Saturday, November 07, 2015

Badger denies proposing door project, says Jones has “me mixed up with somebody else”

The former chairman of the FAMU Board of Trustees (BOT) refuted a university staffer’s account that credited him with proposing a controversial new front door for the President’s House.

Kendall D. Jones, the FAMU Director of Plant Operations & Maintenance, said he and two other administrators began a project to install a new front door at the residence after then-Chairman Chuck Badger suggested it.

“Chairman Badger commented that the existing door was not representative of a University President’s House and should be more presidential,” Jones wrote in an October 28 memorandum. “The project team collaborated and decided to replace the existing door with a better quality door.  As a result, the door replacement was added to the project scope of work.”

But Badger told the Tallahassee Democrat that Jones has it wrong.

“He’s got me mixed up with somebody else,” Badger said. “It wasn’t Chairman Badger making the statement regarding the door. I’m pretty sure (the comment) was made by another board member.”

The memorandum Jones did include a warning that his description of what happened shouldn’t be considered “exact.”

“This statement is based upon my memory of events and should not be inferred as exact accounts of conversations, but is offered to the best of my recollection,” Jones said in the memorandum.

Jones also said that he gave Spurgeon McWilliams, who chaired the BOT’s Facilities Planning Committee at the time, a walk-through of the President’s House on March 13, 2014 and explained the progress of the upgrade project for the residence. Jones added that: “During this walk-through the scope of work was thoroughly explained.”

The front door project cost $11,519 and had an invoice date of September 23, 2014.

At an emergency BOT conference call on Oct. 22, FAMU General Counsel Avery McKnight said the front door was among four projects above $10,000 that each took place at the President’s House after the start date of President Elmira Mangum’s contract. He said they weren't presented to the BOT for its approval as required by her contract.

Mangum said she didn’t request or authorize any renovations for the President’s House. She later narrowly survived two unsuccessful motions to terminate her employment.

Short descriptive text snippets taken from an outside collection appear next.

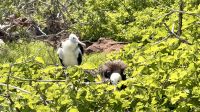 Fregattvogel, Insel Nord Seymour 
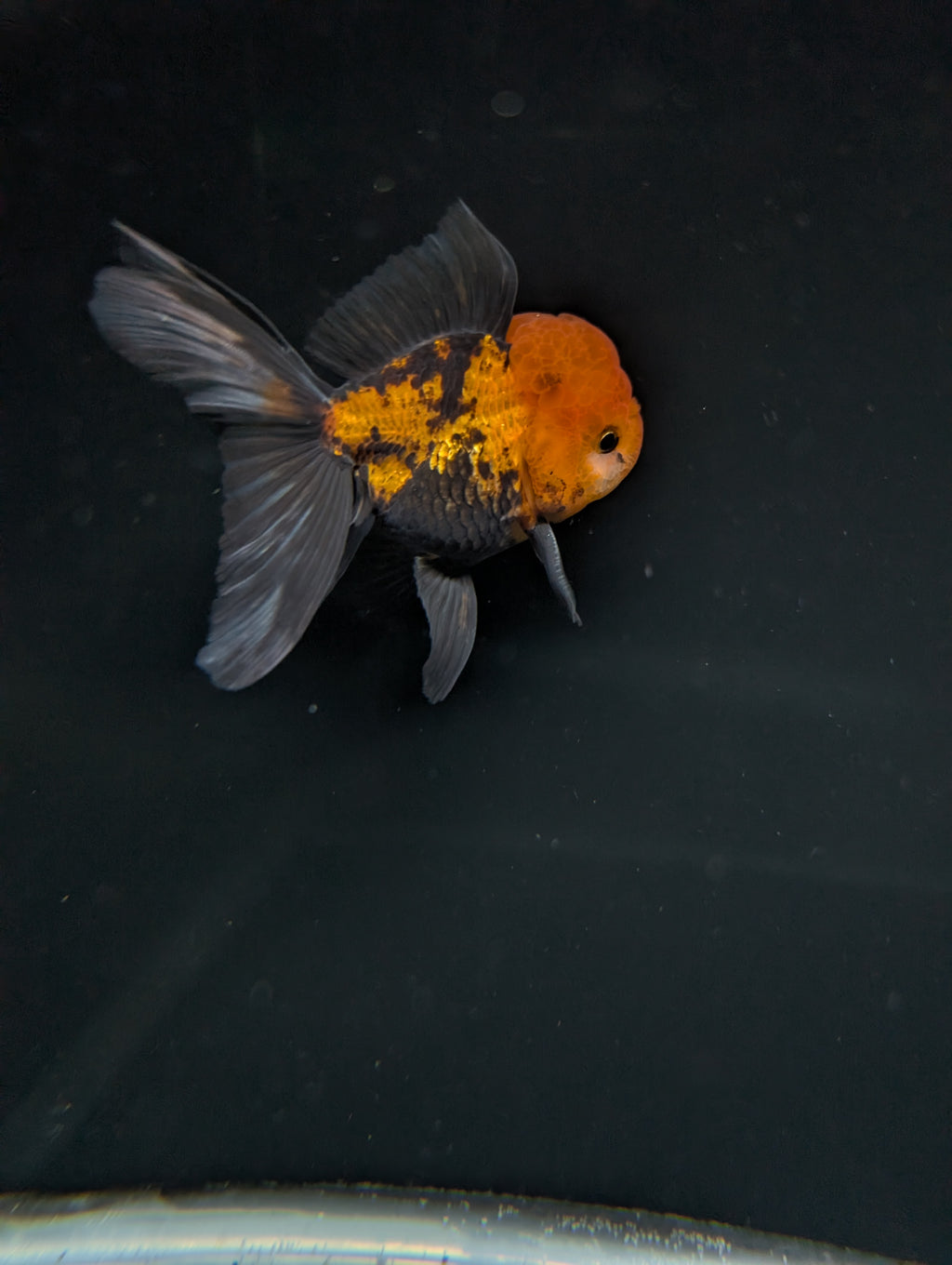 Thai Oranda Tricolor 4"-4.5"in.  ID#1023T1A-027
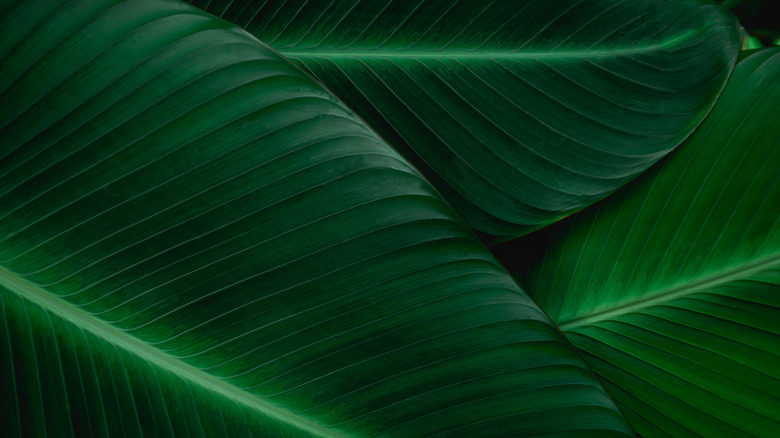 Closeup shot of fresh banana leaves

McWilliams, who voted in favor of both motions for termination, resigned from the BOT on October 28. That was the same day as the date of memorandum by Jones. But McWilliams denied that his resignation had anything to do with Jones’ statement about the March 13, 2014 walk-through of the President’s House.

“Any intention to connect the walk-thru to my resignation is absolutely false,” McWilliams told the Florida Times-Union. “It is a far stretch for even a casual reader and patently untrue. Doing a walk through to asses construction progress has zero correlation to approving expenditures over $10,000 -- which is a Board duty -- and this implication is totally false. The walk-through and my resigning have zero connection.”

The Times-Union asked McWilliams: “Why resign immediately versus finishing the remaining six months on his term or at least waiting until a replacement is named?”

McWilliams answered that: “After the attempt at releasing the President failed, Dr. McWilliams determined that, since he had finished two terms and could not be re-appointed, the final months of the year would not yield the ability for him as a Trustee member to make what he felt were important changes.”